PROVIDED DATA:
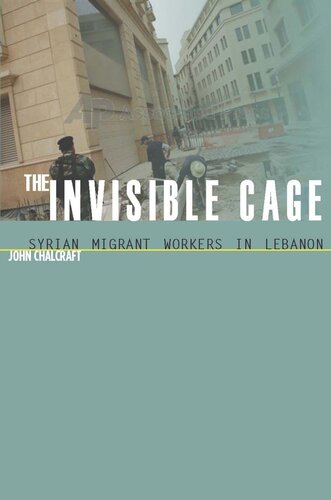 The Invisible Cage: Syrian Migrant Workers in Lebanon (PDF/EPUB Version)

--

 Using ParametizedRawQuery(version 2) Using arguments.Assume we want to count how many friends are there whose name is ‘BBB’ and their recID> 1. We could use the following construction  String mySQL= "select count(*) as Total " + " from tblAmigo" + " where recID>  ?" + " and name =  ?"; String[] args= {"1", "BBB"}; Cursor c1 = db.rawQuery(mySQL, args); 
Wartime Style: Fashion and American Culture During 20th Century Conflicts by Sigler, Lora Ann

EXERCISE BRIEF:
Please give an exact copy of the entries above, from the line with "Using ParametizedRawQuery(version 2)" down to the line with "Wartime Style: Fashion", inclusive, and nothing else.

EXPECTED ANSWER:
 Using ParametizedRawQuery(version 2) Using arguments.Assume we want to count how many friends are there whose name is ‘BBB’ and their recID> 1. We could use the following construction  String mySQL= "select count(*) as Total " + " from tblAmigo" + " where recID>  ?" + " and name =  ?"; String[] args= {"1", "BBB"}; Cursor c1 = db.rawQuery(mySQL, args); 
Wartime Style: Fashion and American Culture During 20th Century Conflicts by Sigler, Lora Ann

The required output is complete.